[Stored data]
----

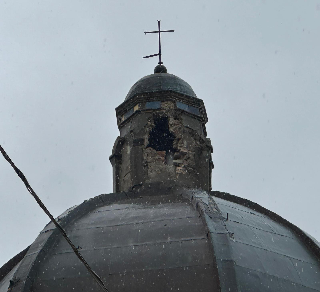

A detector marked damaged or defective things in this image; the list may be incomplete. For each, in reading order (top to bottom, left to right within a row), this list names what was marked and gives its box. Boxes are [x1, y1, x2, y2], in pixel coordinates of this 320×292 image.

damaged church dome [0, 66, 320, 292]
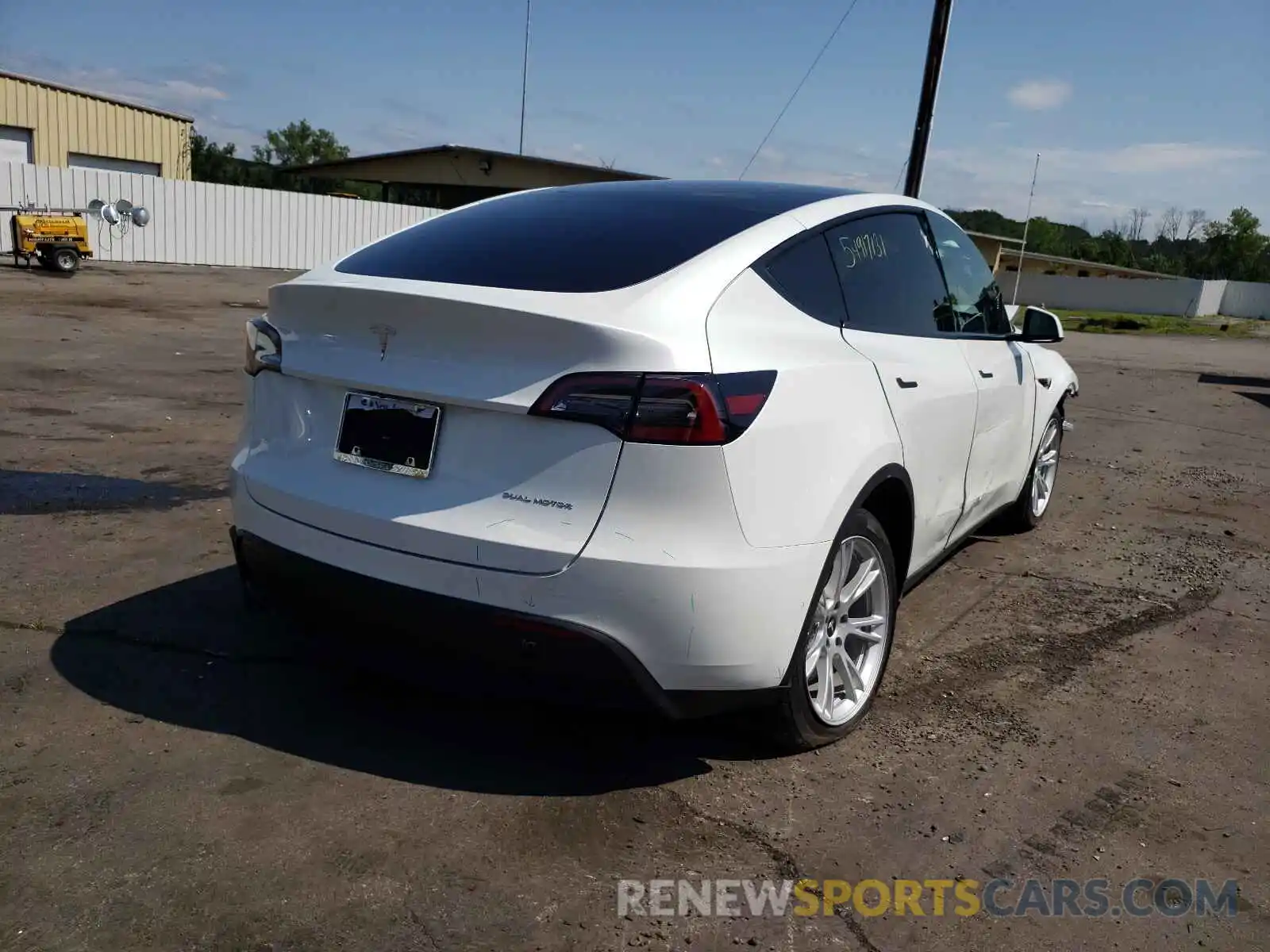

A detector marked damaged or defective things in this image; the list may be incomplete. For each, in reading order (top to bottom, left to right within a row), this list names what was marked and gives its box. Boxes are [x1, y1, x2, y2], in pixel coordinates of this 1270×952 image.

cracked concrete pavement [0, 263, 1264, 952]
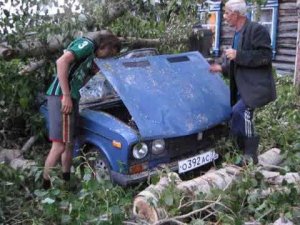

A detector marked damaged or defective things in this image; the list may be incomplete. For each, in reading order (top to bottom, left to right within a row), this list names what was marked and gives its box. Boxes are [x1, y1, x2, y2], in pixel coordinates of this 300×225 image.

crushed blue car [41, 48, 231, 186]
damaged vehicle [41, 48, 231, 186]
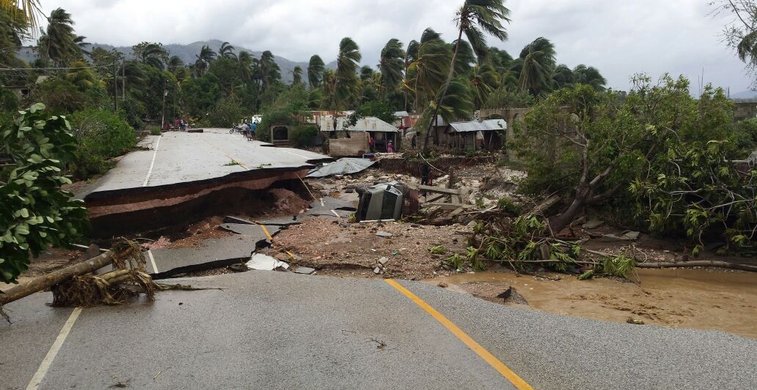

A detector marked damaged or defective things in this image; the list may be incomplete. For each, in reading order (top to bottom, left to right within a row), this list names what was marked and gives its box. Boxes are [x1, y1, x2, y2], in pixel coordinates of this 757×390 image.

broken concrete slab [247, 253, 288, 272]
damaged asphalt road [2, 272, 752, 390]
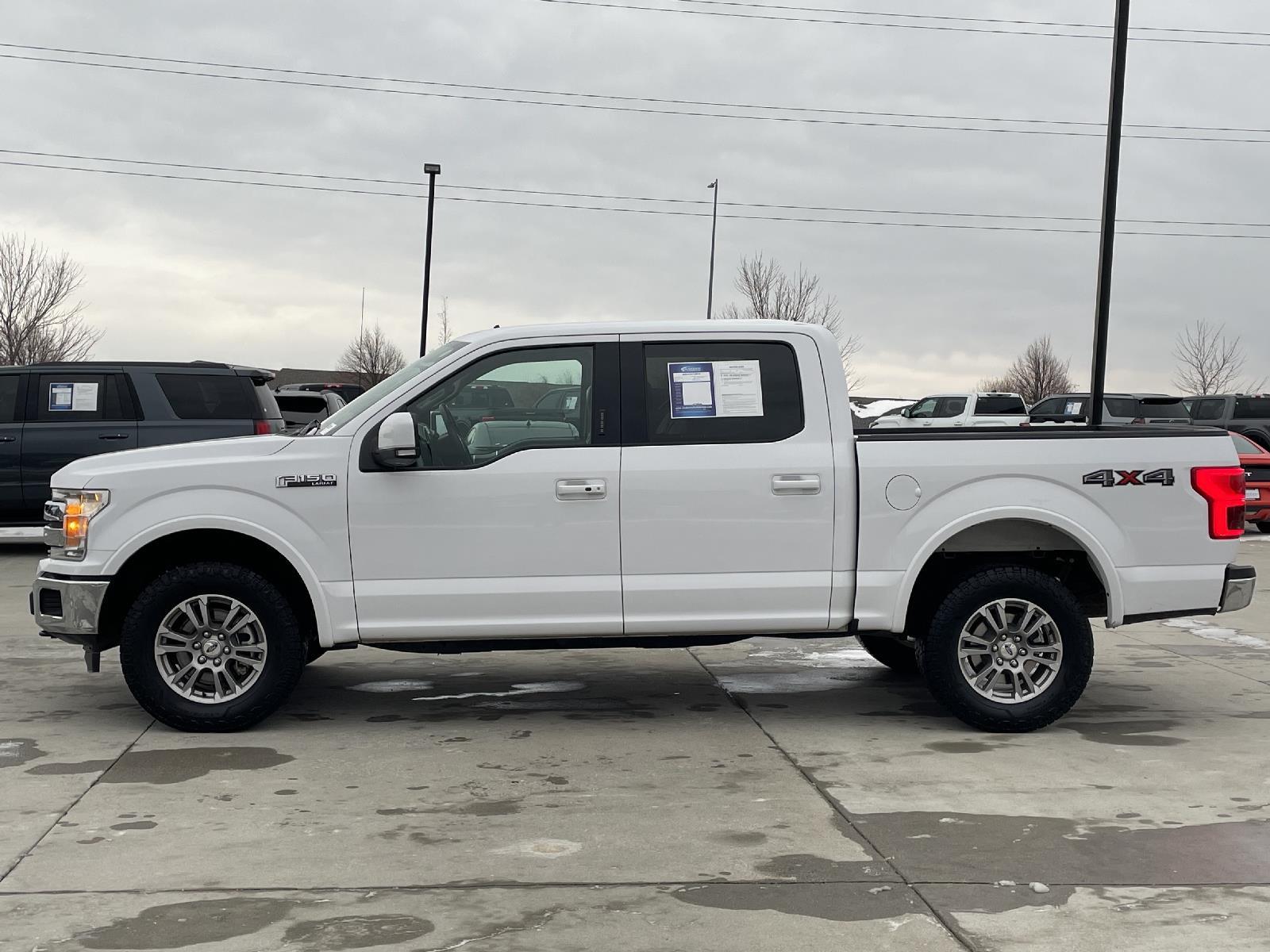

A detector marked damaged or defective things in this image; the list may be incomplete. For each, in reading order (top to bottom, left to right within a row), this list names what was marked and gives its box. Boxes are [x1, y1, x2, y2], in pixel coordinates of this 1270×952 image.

pavement crack [691, 650, 975, 952]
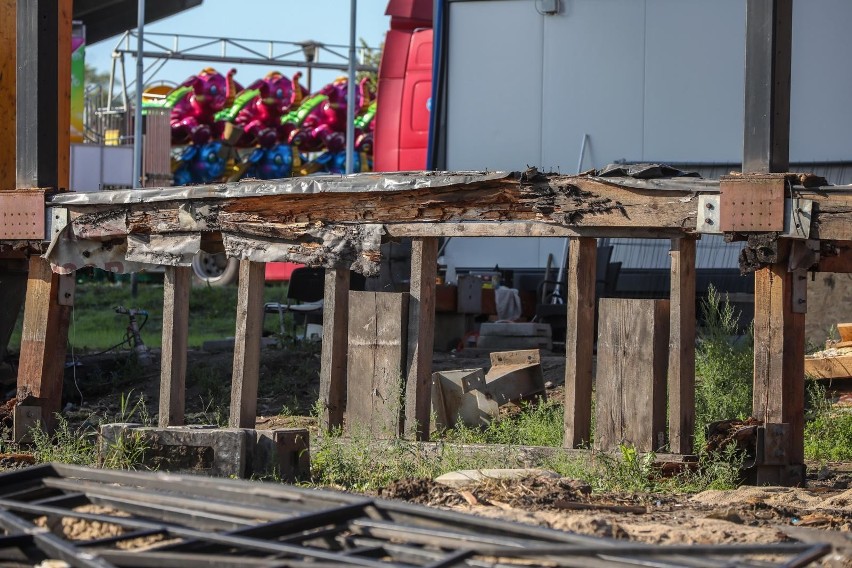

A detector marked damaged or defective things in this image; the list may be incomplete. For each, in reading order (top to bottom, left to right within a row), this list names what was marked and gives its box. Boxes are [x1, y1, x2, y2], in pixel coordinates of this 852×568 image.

rusty metal bracket [0, 189, 46, 237]
rusty metal bracket [720, 175, 784, 233]
rusted metal grate [0, 466, 828, 568]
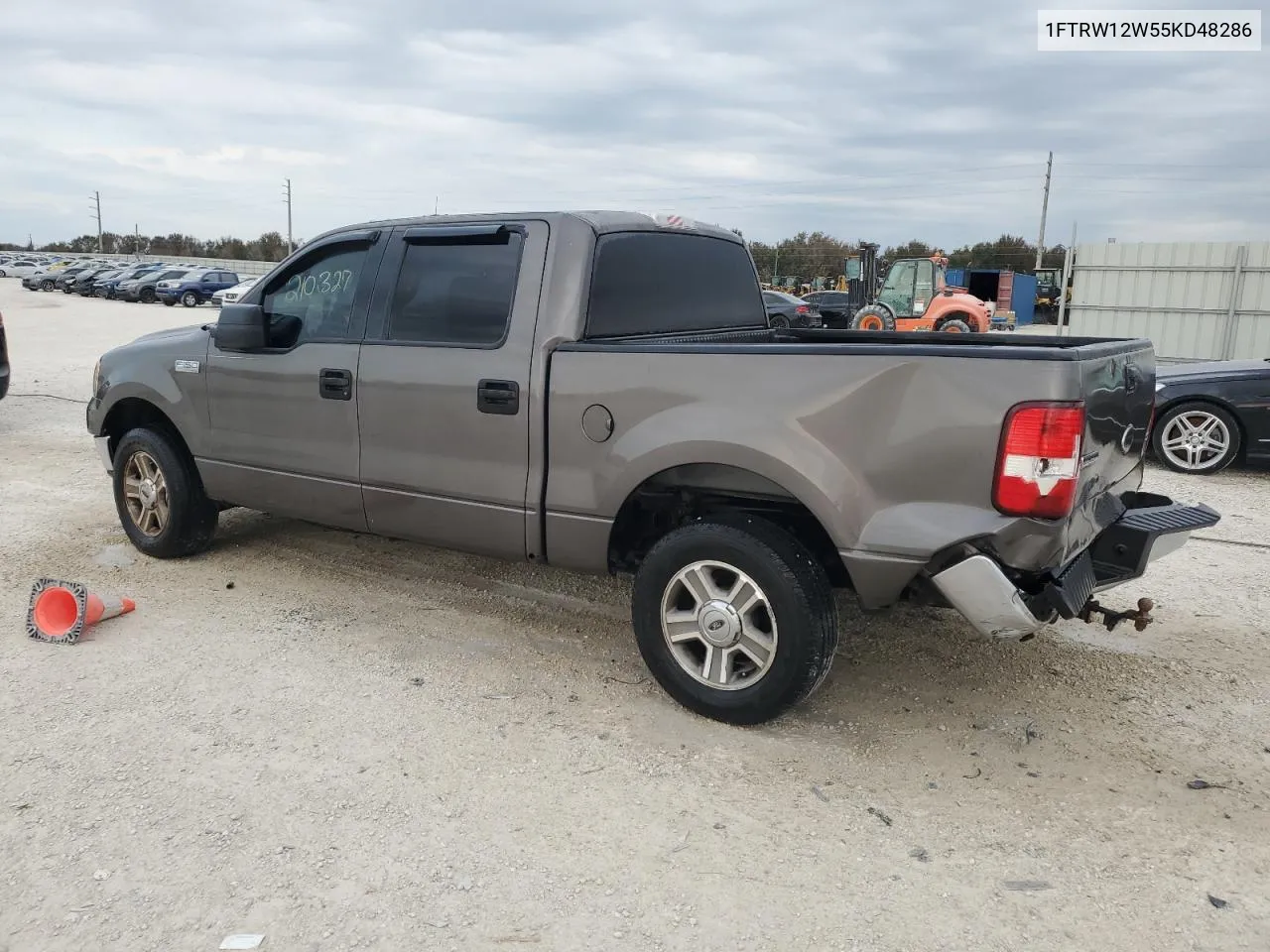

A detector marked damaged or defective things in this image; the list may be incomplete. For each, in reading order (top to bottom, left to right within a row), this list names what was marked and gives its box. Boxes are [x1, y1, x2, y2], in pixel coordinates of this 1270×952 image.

damaged rear bumper [935, 492, 1218, 642]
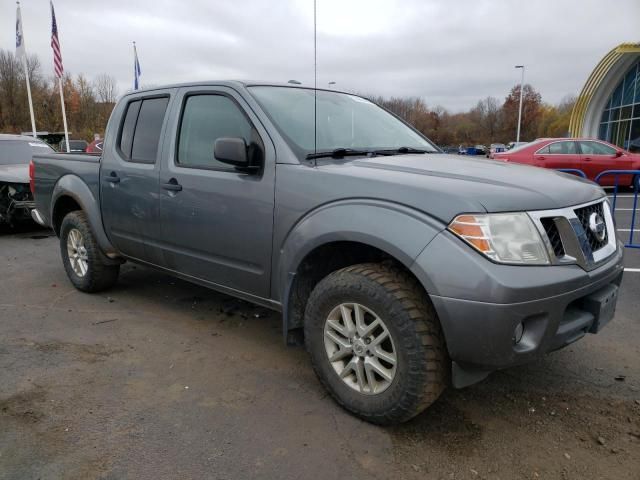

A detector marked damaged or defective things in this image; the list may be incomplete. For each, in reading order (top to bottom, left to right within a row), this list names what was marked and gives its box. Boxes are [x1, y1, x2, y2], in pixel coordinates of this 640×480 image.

----

→ **What is expected**: An exact reproduction of every record above is required, with no pictures included.

→ **Completed exercise**:
A detector marked damaged or defective things in this image; the list may be incomplete. For each, in reading order (top to bottom, left to right within a row), this list names what was marked and gives its box. Boxes are [x1, y1, x2, y2], in pixel coordinates of this 320×292 image.

damaged church dome [0, 66, 320, 292]

A detector marked damaged or defective things in this image; the list may be incomplete. For each, in reading order (top to bottom, left to right within a row), this list names what was marked and gives its box. Boxes are [x1, y1, x2, y2], in pixel coordinates of this 1270×952 image.

cracked concrete pavement [0, 263, 1264, 952]

A detector marked damaged or defective things in this image; the list may be incomplete. For each, in reading order (top to bottom, left to right within a row), this list names what was marked and gives its box. Boxes are [x1, y1, x2, y2], in pixel coordinates of this 300×225 image.

crushed blue car [41, 48, 231, 186]
damaged vehicle [41, 48, 231, 186]

A detector marked damaged or defective things in this image; the list may be incomplete. For each, in reading order (top to bottom, left to right within a row), this list names what was marked and gives its box. Boxes are [x1, y1, x2, y2], in pixel coordinates of this 757×390 image.

broken concrete slab [247, 253, 288, 272]
damaged asphalt road [2, 272, 752, 390]

A detector marked damaged or defective things in this image; the list may be incomplete. For each, in reading order (top to bottom, left to right within a row), this list names what was marked and gives its box. Boxes are [x1, y1, x2, y2], in pixel coordinates of this 1270×952 image.

pavement crack [691, 650, 975, 952]

A detector marked damaged or defective things in this image; the list may be incomplete. For each, in reading order (top to bottom, left to right within a row), this list names what was marked and gives its box. Boxes are [x1, y1, x2, y2], in pixel coordinates of this 852×568 image.

rusty metal bracket [0, 189, 46, 237]
rusty metal bracket [720, 175, 784, 233]
rusted metal grate [0, 466, 828, 568]

A detector marked damaged or defective things in this image; the list may be incomplete. For each, in reading order (top to bottom, left to right within a row), this list names what was marked and gives its box. Boxes are [x1, y1, x2, y2], in pixel coordinates of this 1270×952 image.

damaged rear bumper [935, 492, 1218, 642]

A detector marked damaged or defective things in this image; the list may be incomplete. For each, in reading order (top to bottom, left to right within a row), this list names what was marked and gives its box. Boxes are [x1, y1, x2, y2], in pixel coordinates of this 640×480 image.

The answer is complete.